Experts Examine Day's Aftermath

In the days, weeks and months after Sept. 11, Americans heard the refrain that their nation would never be the same.

While the Transportation Security Administration and legislation to create the Homeland Security Department are concrete signs of change, several national security and foreign policy experts say many immediate social changes stemming from the attacks are now fading.

Meanwhile, despite the new laws and new commitments to combat terrorism, many of the experts agree that the country needs to begin addressing the roots of the problem in order to effectively prevent future attacks.

Protecting the Targets

The most obvious, and likely the most permanent changes since Sept. 11, have come in the government’s work to combat terrorism.

Building security has been strengthened around the country—airport security is in the process of a complete make-over, and a new “shadow government” is in place to provide continuity in the case of a new attack.

But Juliette Kayyem ’91, executive director of the Kennedy School of Government’s executive session on domestic preparedness, says that the initial response—harden and protect every target across the board—has gradually given way to a more nuanced approach to terrorism.

“We have gone from tremendous unfocused activity—a sort of a Pavlovian response to Sept. 11—to a much more realistic assessment that not every city can be prepared all the time,” she says.

Kayyem says she expects that this reality will cause cities to specialize in different areas of anti-terrorism—biological attacks, for example—instead of setting the broad goal of fighting terrorism in general.

But while local authorities may develop their own areas of expertise, experts say governmental agencies must begin to work together.

The push for a department of homeland defense represents this blurring of lines between different agencies, according to John C. Reppert, executive director for the Belfer Center at the Kennedy School.

“We need to integrate various agencies for defense, and it’s not a concept we had before—all America’s wars were fought far away and we never had to physically defend ourselves,” he says. “This presented us with a very large first step.”

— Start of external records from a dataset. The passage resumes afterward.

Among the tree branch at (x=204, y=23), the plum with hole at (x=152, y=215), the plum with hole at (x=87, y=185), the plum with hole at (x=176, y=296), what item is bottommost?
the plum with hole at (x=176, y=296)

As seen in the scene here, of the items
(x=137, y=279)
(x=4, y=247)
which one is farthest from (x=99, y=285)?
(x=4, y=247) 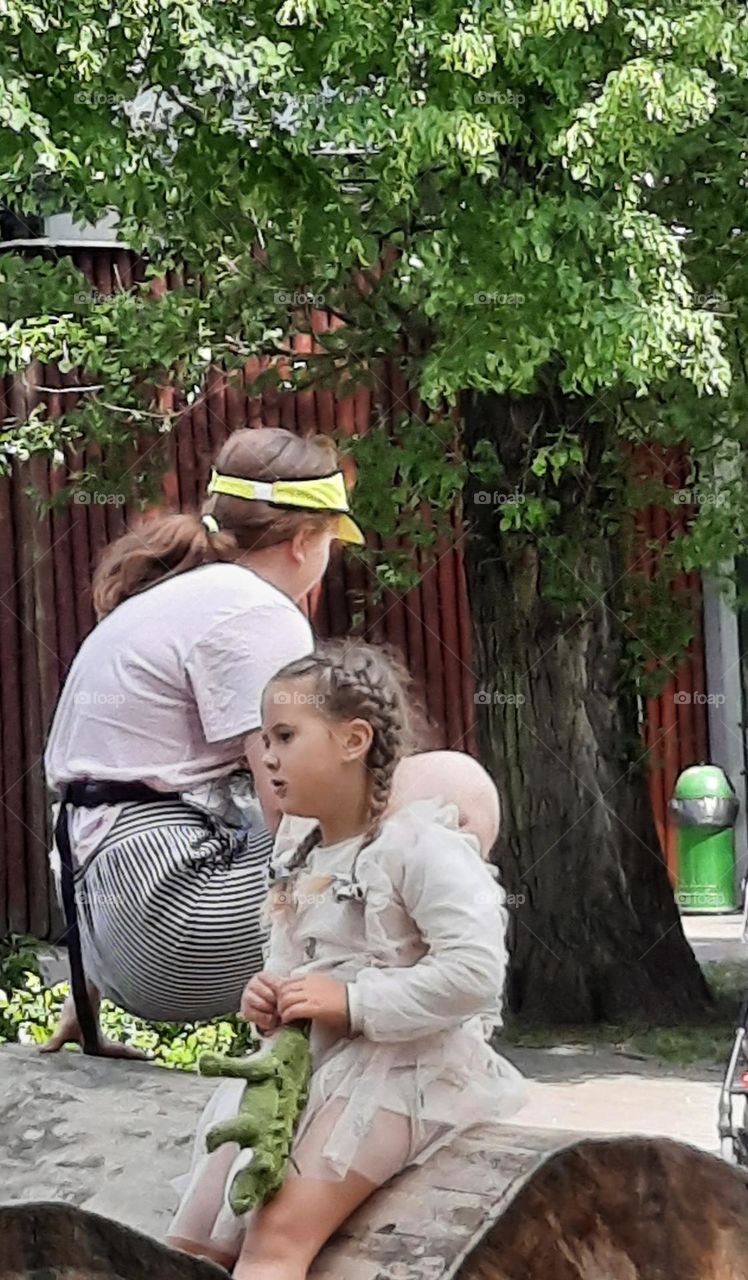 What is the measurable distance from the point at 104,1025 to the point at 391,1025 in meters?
0.46

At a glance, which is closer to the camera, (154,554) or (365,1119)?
(365,1119)

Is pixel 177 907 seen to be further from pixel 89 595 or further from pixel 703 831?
pixel 703 831

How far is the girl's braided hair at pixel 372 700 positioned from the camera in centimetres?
218

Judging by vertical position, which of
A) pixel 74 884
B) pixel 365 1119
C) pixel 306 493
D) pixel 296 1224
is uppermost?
pixel 306 493

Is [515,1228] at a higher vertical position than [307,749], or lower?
lower

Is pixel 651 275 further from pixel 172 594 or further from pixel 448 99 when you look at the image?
pixel 172 594

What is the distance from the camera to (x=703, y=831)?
247cm

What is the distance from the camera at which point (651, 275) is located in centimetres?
236

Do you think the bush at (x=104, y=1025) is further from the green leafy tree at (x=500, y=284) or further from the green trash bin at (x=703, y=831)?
the green trash bin at (x=703, y=831)

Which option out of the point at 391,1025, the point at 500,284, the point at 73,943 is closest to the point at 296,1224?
the point at 391,1025

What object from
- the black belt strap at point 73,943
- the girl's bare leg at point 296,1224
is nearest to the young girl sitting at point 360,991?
the girl's bare leg at point 296,1224

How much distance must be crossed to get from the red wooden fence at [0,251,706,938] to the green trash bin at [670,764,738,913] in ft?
0.07

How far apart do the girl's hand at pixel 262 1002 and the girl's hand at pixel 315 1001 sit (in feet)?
0.04

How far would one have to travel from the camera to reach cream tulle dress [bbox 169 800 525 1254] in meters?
2.10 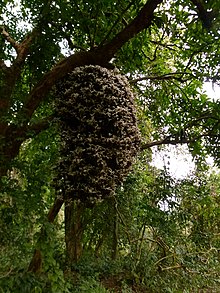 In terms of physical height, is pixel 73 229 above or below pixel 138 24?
below

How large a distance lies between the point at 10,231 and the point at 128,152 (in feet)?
3.32

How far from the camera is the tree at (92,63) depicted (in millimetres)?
2668

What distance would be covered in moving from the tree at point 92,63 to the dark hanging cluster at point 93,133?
0.49 feet

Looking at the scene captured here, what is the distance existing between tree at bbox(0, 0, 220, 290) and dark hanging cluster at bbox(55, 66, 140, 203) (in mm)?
148

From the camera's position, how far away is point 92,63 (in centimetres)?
295

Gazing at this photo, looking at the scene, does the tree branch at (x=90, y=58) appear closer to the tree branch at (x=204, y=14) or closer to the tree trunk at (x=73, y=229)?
the tree branch at (x=204, y=14)

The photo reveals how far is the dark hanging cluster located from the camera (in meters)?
2.62

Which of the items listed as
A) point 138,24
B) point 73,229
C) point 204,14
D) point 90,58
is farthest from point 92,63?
point 73,229

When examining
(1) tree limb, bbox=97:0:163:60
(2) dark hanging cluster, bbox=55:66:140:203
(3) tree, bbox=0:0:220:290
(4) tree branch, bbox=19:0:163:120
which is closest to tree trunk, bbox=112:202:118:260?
(3) tree, bbox=0:0:220:290

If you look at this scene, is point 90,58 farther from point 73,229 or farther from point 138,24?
point 73,229

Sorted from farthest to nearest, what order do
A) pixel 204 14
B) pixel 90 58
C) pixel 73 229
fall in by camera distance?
pixel 73 229 → pixel 90 58 → pixel 204 14

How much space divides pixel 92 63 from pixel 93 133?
0.65m

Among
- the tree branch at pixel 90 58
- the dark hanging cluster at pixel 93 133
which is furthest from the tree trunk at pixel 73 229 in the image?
the tree branch at pixel 90 58

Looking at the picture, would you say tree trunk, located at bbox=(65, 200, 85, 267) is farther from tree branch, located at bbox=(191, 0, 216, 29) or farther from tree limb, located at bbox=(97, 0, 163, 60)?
tree branch, located at bbox=(191, 0, 216, 29)
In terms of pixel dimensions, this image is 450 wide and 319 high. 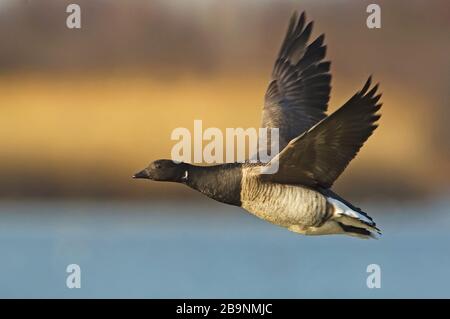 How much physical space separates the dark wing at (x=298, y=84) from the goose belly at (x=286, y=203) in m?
0.55

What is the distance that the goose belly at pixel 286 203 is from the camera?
3.06m

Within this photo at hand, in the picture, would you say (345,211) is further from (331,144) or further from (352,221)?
(331,144)

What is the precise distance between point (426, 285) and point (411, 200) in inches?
44.6

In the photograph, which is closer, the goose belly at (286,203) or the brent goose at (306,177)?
the brent goose at (306,177)

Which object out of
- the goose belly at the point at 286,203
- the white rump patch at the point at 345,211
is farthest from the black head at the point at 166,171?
the white rump patch at the point at 345,211

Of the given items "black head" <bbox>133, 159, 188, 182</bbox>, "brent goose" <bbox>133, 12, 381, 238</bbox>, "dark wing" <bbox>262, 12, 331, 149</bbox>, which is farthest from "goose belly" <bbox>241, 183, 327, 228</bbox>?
"dark wing" <bbox>262, 12, 331, 149</bbox>

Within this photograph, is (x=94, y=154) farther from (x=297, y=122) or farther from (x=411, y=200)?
(x=297, y=122)

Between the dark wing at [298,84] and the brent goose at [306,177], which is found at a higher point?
the dark wing at [298,84]

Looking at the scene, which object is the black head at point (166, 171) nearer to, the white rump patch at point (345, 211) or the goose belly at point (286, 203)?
the goose belly at point (286, 203)

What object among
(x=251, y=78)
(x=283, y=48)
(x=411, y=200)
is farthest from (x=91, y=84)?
(x=283, y=48)

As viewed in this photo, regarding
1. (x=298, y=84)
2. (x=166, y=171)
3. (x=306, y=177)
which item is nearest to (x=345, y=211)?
(x=306, y=177)

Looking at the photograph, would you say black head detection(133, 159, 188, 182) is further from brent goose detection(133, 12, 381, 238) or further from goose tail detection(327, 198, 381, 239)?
goose tail detection(327, 198, 381, 239)

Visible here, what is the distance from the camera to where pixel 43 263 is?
7531mm

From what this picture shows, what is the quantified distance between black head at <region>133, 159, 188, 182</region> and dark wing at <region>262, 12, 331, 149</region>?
0.57 m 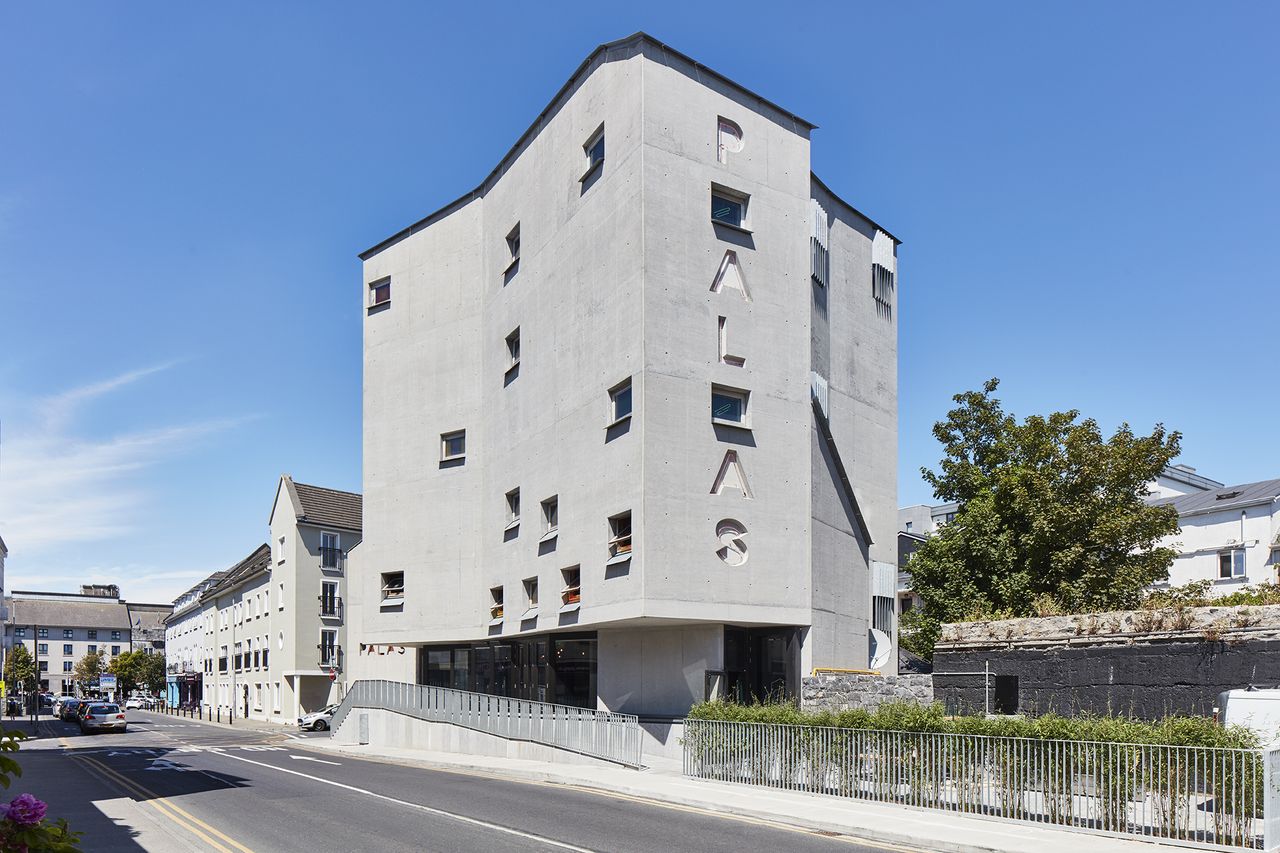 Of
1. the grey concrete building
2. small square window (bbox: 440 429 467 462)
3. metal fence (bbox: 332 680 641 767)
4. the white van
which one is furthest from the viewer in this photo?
small square window (bbox: 440 429 467 462)

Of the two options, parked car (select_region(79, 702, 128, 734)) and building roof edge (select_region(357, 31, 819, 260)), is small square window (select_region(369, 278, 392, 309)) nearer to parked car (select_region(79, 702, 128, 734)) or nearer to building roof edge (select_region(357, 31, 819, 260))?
building roof edge (select_region(357, 31, 819, 260))

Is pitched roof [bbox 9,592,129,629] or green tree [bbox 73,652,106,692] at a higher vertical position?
pitched roof [bbox 9,592,129,629]

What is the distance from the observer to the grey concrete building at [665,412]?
28516 mm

President of the World Peace Foundation and Lecturer in Public Policy Robert I. Rotberg says that the government should turn its attention in the future to consolidating its immigration information.

“We need to be more vigilant, particularly in the immigration area,” he says. “We need to get our computer systems between the FBI, the CIA, immigration and the Coast Guard interreadable.”

Reppert says he believes that the country now needs to examine the training and use of armed forces domestically as a prevention of future attacks, but that such action would require congressional legislation.

“This would develop more non-lethal capabilities, in which we could handle a [terrorist threat] without casualties,” he says.